Tag Archive: corrugatediron

A Different World: Three Use Cases For Riak

Writing and deploying an application is pretty easy, there’s a process to follow that will get you most of the way there. The tricky part is getting the business logic down. But this isn’t about writing code, this is about what happens once you have an application out in the wild. The tricky part comes when you have to grow with your application. There are some tricky parts of keeping an application up and running. Things get complicated when you start trying to add complex functionality for your data. For those of us who use SQL Server there are a lot of options within SQL Server, but some of them require a seasoned DBA, expensive features, or both.

Durability

Making sure your data sticks around is important. Losing data can be catastrophic for a business. Even if you have a backup, it can take hours or even days, to restore your database and verify that everything is back up and running. That doesn’t even include the possibility that a backup is corrupted and you won’t be able to bring your database online. Or, worse yet, you could lose your SAN completely. Durability is important.

With SQL Server it’s possible to set up a cluster, mirroring, or replication to provide a second copy of your data for readability. These three solutions all require knowledge of some specialized features of SQL Server. Keeping each of these features up and running requires some knowledge, planning, set up, and monitoring. None of it is easy, some of it’s hard, and some features even need a lot of care and feeding to stay up and running. DBAs tell horror stories about hand feeding replication for days to get it up and running again after a catastrophic failure; it’s almost a badge of honor. Here’s the thing: none of this should be difficult. One way data durability (mirroring, transactional replication) is limited in its functionality – reads can happen everywhere, but writes can only happen in one place. If the master server goes down, it can be difficult to switch the master server around.

Durability problems plague DBAs every day, whether they know it or not. I spent a lot of time trying to solve my durability problems by configuring replication or log shipping and building complex application logic to support the possibility of multiple write locations. I later solved the problem by using Riak. One of the main benefits of Riak is the availability and fault tolerance it provides. That is: it’s durable as all get out. Data isn’t written to one place, it’s written to several places at once; writes won’t succeed unless more than one server responds that a write is successful. In a way, it’s like a really fancy version of database mirroring or SQL Server Denali’s Availability Groups feature that you can have right now.
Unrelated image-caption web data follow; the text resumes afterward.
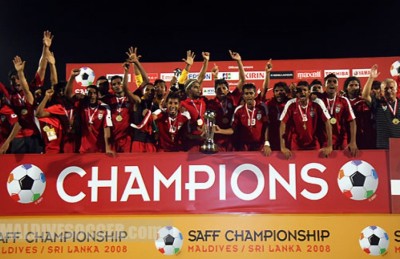 2008 ގައި ރާއްޖެ ޗެމްޕިއަންކަން ހޯދުން: އިންޑިއާ އަށް ހަޖަމު ނުވި ބަލި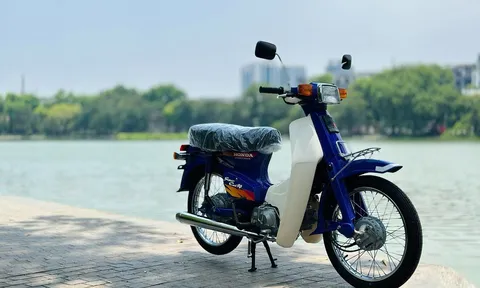Độc lạ xe Honda Cub được bán với giá 300 triệu đồng, ngoại hình thế nào?
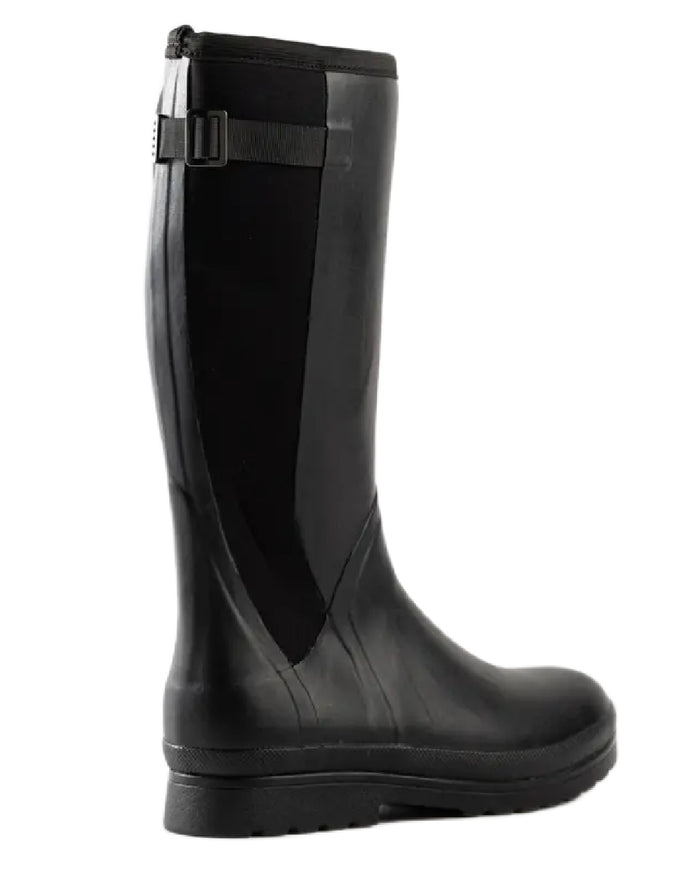 Black coloured Skellerup Womens Meadow Wellingtons on white background #colour_black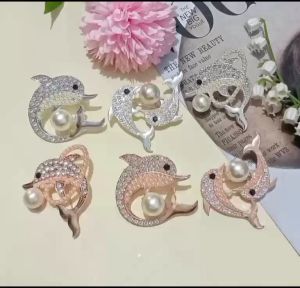 Bros Desain Elegan & Aksesoris Jilbab Trendi 2023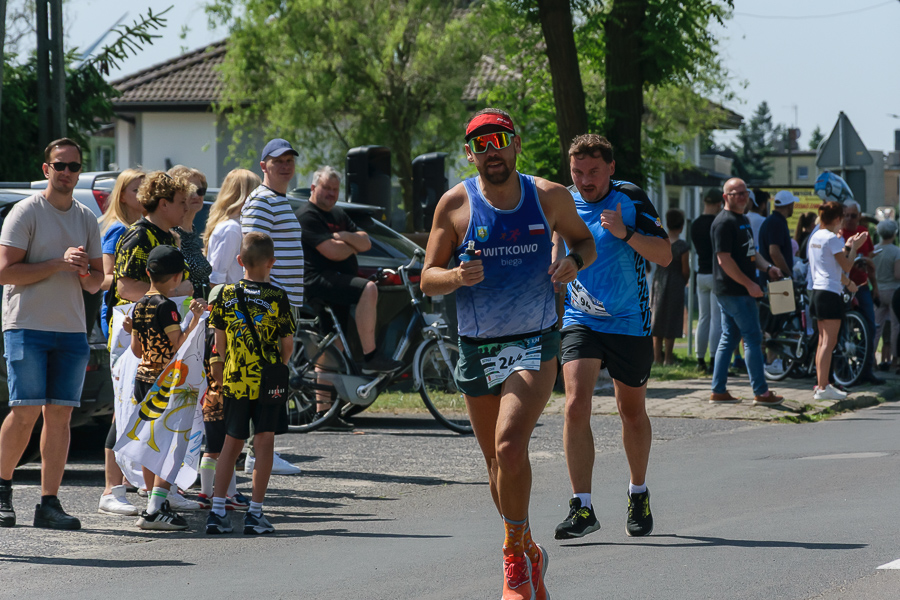 Biegło prawie 200 zawodników. Zobacz zdjęcia ze Strzałkowa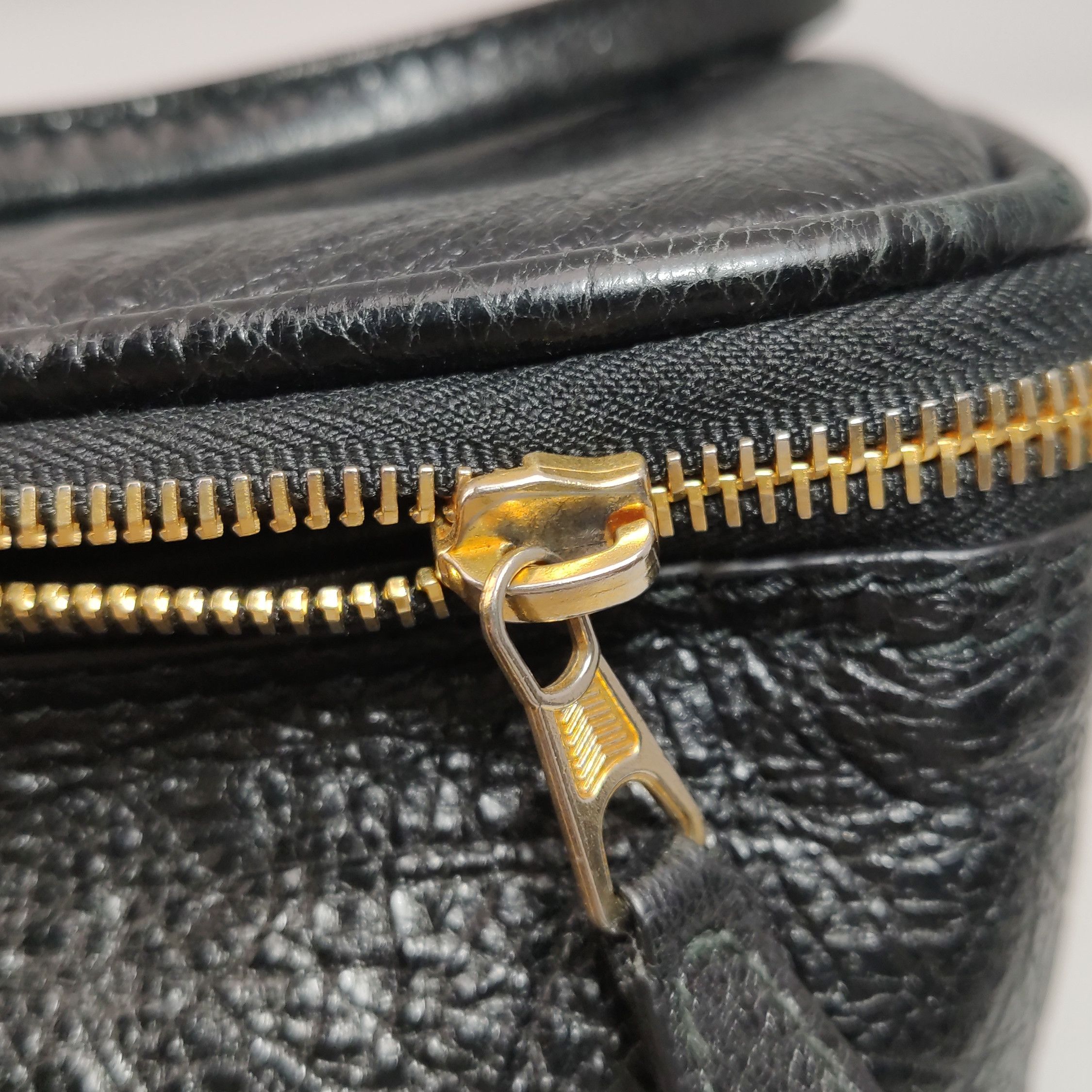 Balenciaga Balenciaga Women os Crossbody Bags Size ONE SIZE - 16 Thumbnail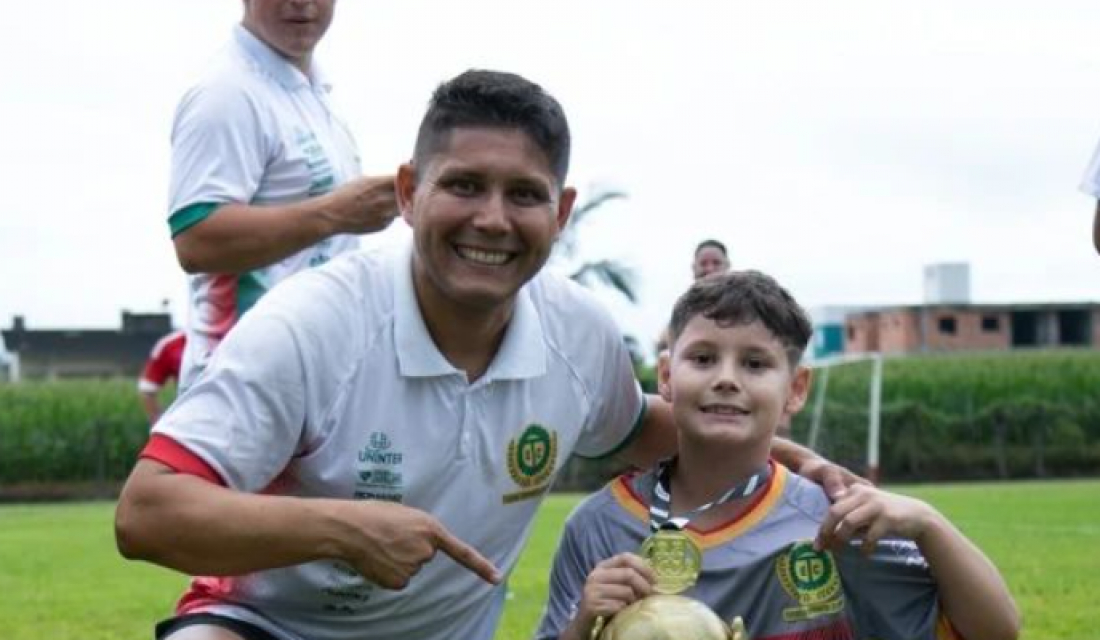 Professor de educação física salva bebê de 3 meses engasgado em Laguna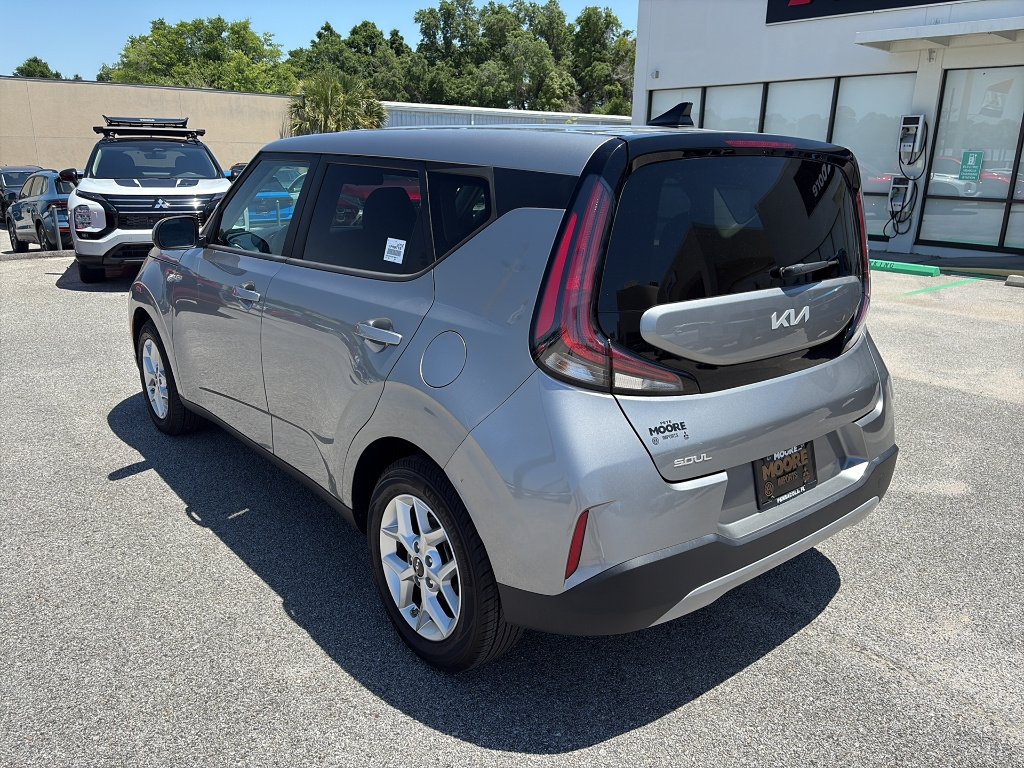 Used 2024 GRAY Kia LX image 6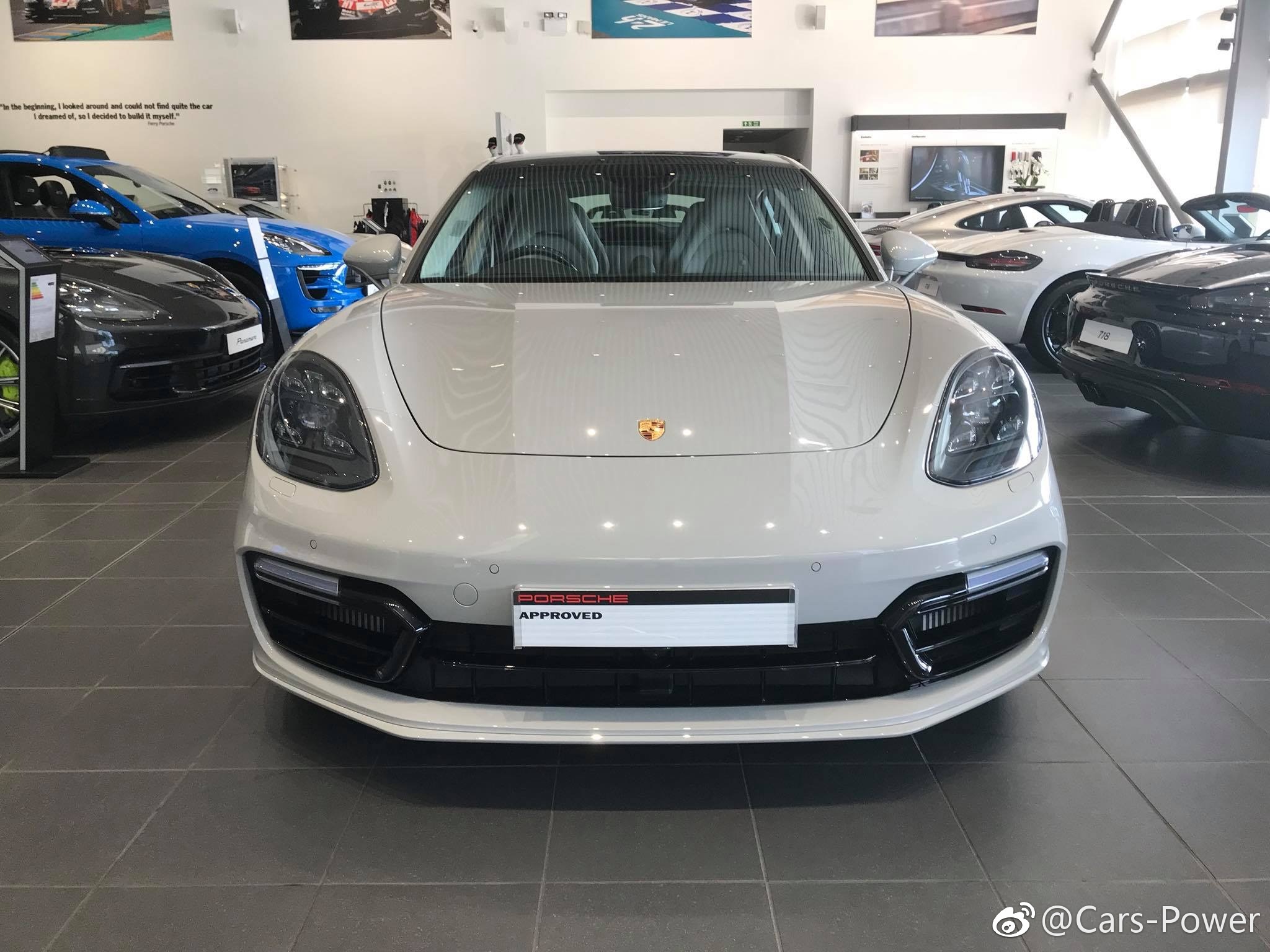 保时捷新帕纳梅拉 turbo s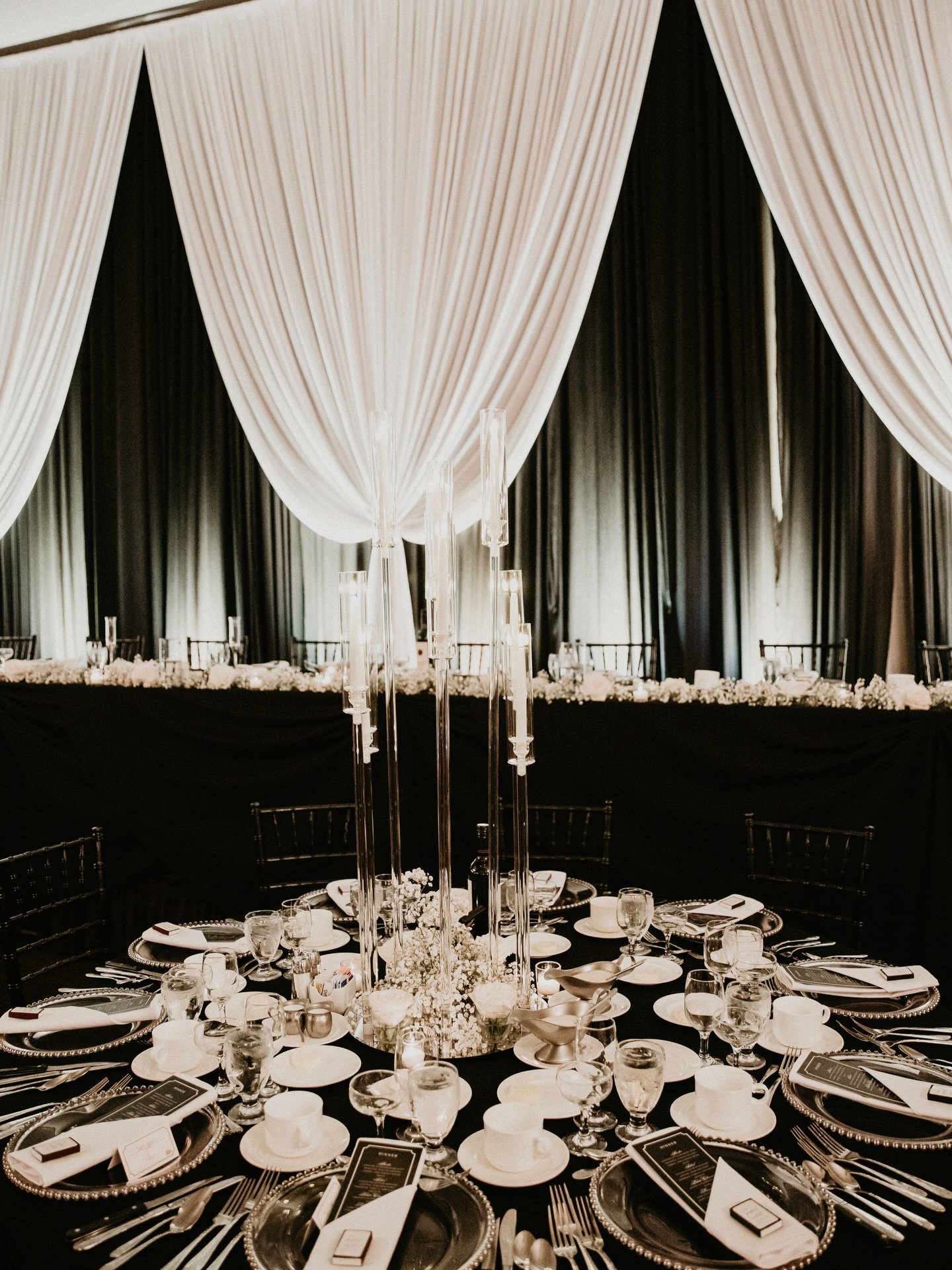 A statement backdrop at Drury Lane ✨
Designed to compliment the space and elevate the celebration without overpowering it. 
Thoughtful details make all the difference. 

Venue: @drurylaneproductions 
Our gorgeous bride: @lizrose_1 
Photographer: The 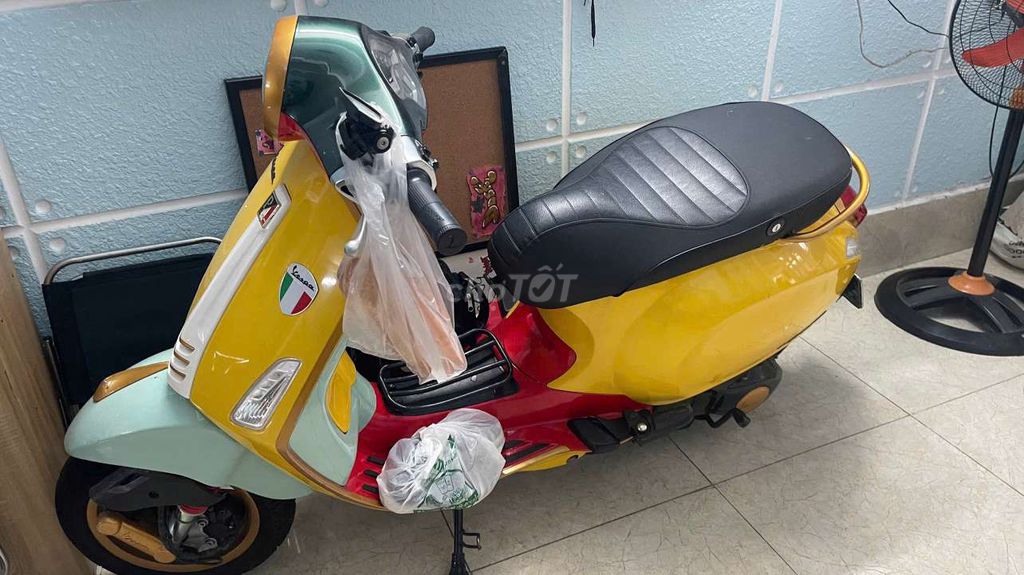 Xe Vespa Primevera đời 2015 một đời chủ.. Mua bán Xe máy tại Quận Gò Vấp Tp Hồ Chí Minh được đăng bởi Thới Hoàng Long Nguyễn hình 3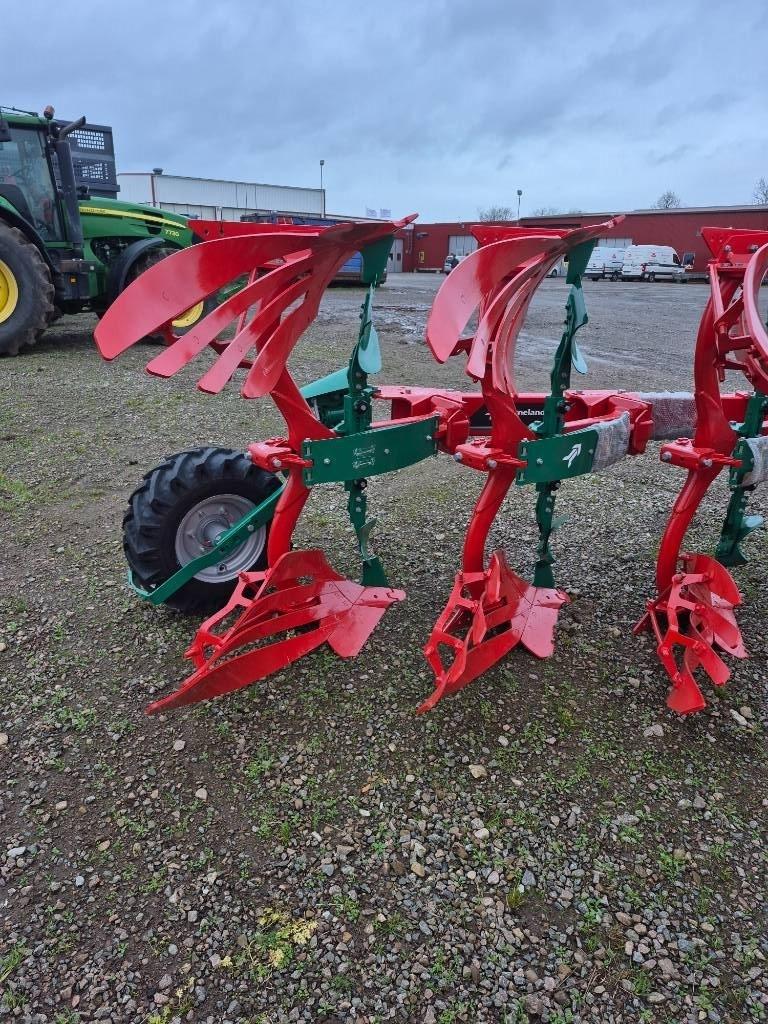 Kverneland 2300S Reversible ploughs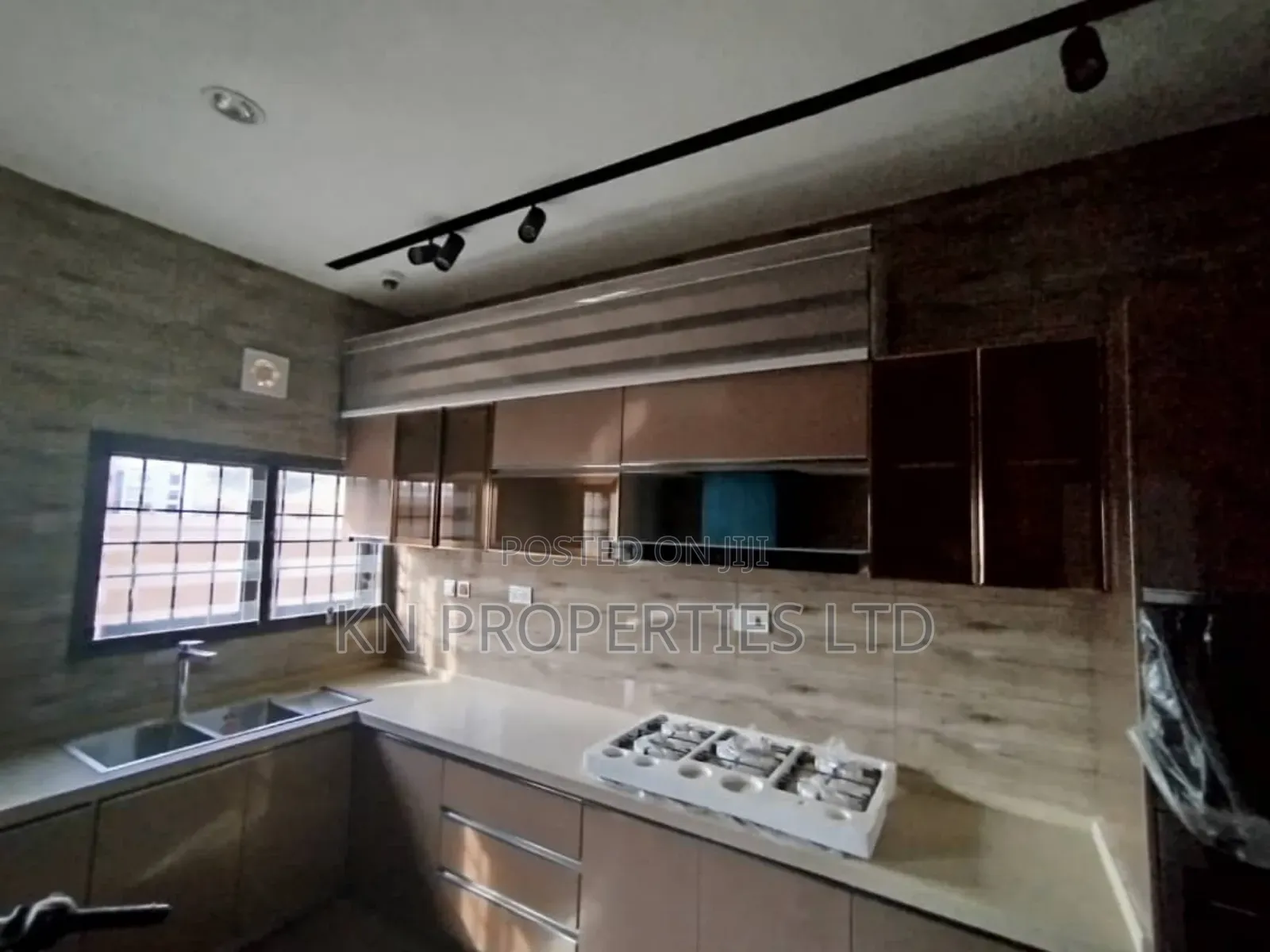 Furnished 4bdrm Duplex in Guzape District for sale
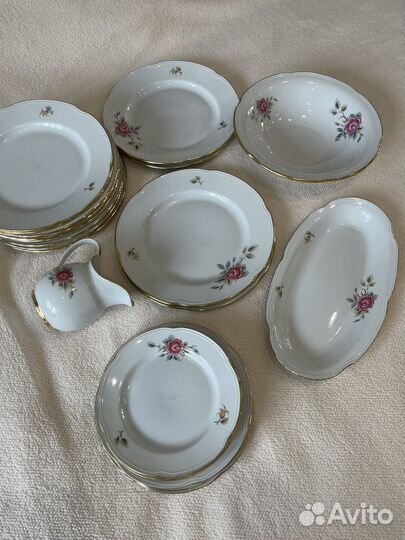 Сервиз столовый очень нежный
When a server in a Riak cluster eventually fails, as hardware always does, you could recover it using a filesystem backup. Riak will handle making sure everyone has the right data by using a very cunning technique called read repair. If the server completely fails the other option is to simply replace it. You tell the cluster of servers that one server is gone and another server is taking its place. The cluster then figures out how to perform recovery or redistribute the data. It’s a lot less painful than shipping full database backups or replication snapshots across the data center or even across the country.

Latency

Relational database, and SQL Server in particular, use B+trees indexes to store data. B+trees provide reasonably fast look ups of data (any lookup of a single row will need to traverse the same number of pages on disk as any other lookup). By contrast, inserting data into a B+tree is not always particularly fast – page splits may occur, forcing data to be shuffled around on disk and moving things out of order could require intermediate pages to be updated. Because of the B+tree structure, many SQL Server DBAs advocate using an ordered, constantly increasing key for clustered indexes.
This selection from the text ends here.